LUNES, 11 DE JUNIO DE 1945
Otro día más para mí. Estuve en el cuartel de la policía e intenté obtener algún permiso oficial para la explotación del huerto abandonado que está detrás de la casa calcinada del catedrático K., un buen amigo de tiempos pasados. Presenté una carta del anciano que me envió en marzo desde su refugio en la Marca de Brandeburgo y en la que me pedía que cuidara de su huerto. Me enviaron de Poncio a Pilatos. Nadie era competente en esa materia. Aire viciado en todas partes y pequeñas riñas en los oscuros despachos revestidos de cartón. No ha cambiado nada aquí.
De camino recolecté mi ración de ortigas. Me encontraba muy débil, me faltan grasas. Sigue fluctuando el velo ante mis ojos y una sensación de estar flotando y de ser cada vez más liviana. Escribir estas líneas significa ya un esfuerzo, pero es un consuelo en mi soledad, una especie de conversación, un abrir mi corazón. La viuda me ha contado agitados sueños con rusos que sigue teniendo. En cambio, a mí no me vienen los sueños, probablemente porque lo vomito todo sobre el papel.

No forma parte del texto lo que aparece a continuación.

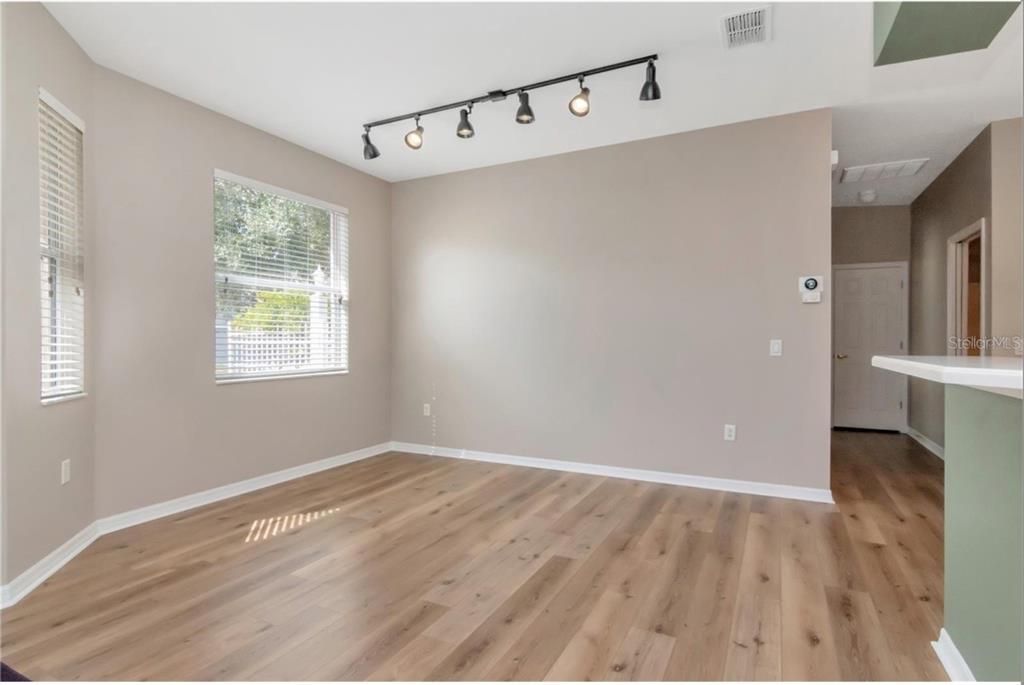 For Rent: $2,350 (3 beds, 2 baths, 1718 Square Feet)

Lo tenemos muy mal con las patatas. Nos han hecho entrega de las raciones de ahora hasta finales de julio, a la fuerza. Tuvimos que ir a buscarlas. El porqué se lo huele cualquiera: los tubérculos, extraídos ahora de los silos subterráneos, empiezan a fermentar y la mitad ya se ha convertido en una masa pestilente. Apenas se puede aguantar el olor en la cocina. Pero si las coloco en el balcón, me temo que se pudrirán con mayor rapidez. ¿De qué viviremos entonces durante el mes de julio? Aparte, me está preocupando mucho la cocina de gas. Cuando la presión del gas llega al nivel normal, la cañería pega unos estallidos que suenan igual que disparos. Y el hornillo eléctrico, con la de arreglos chapuceros que tiene, no quiere funcionar más.
Tengo que proteger el pan de mí misma. Ya me he comido 100 gramos de la ración de mañana. No debo tolerar tales desmanes.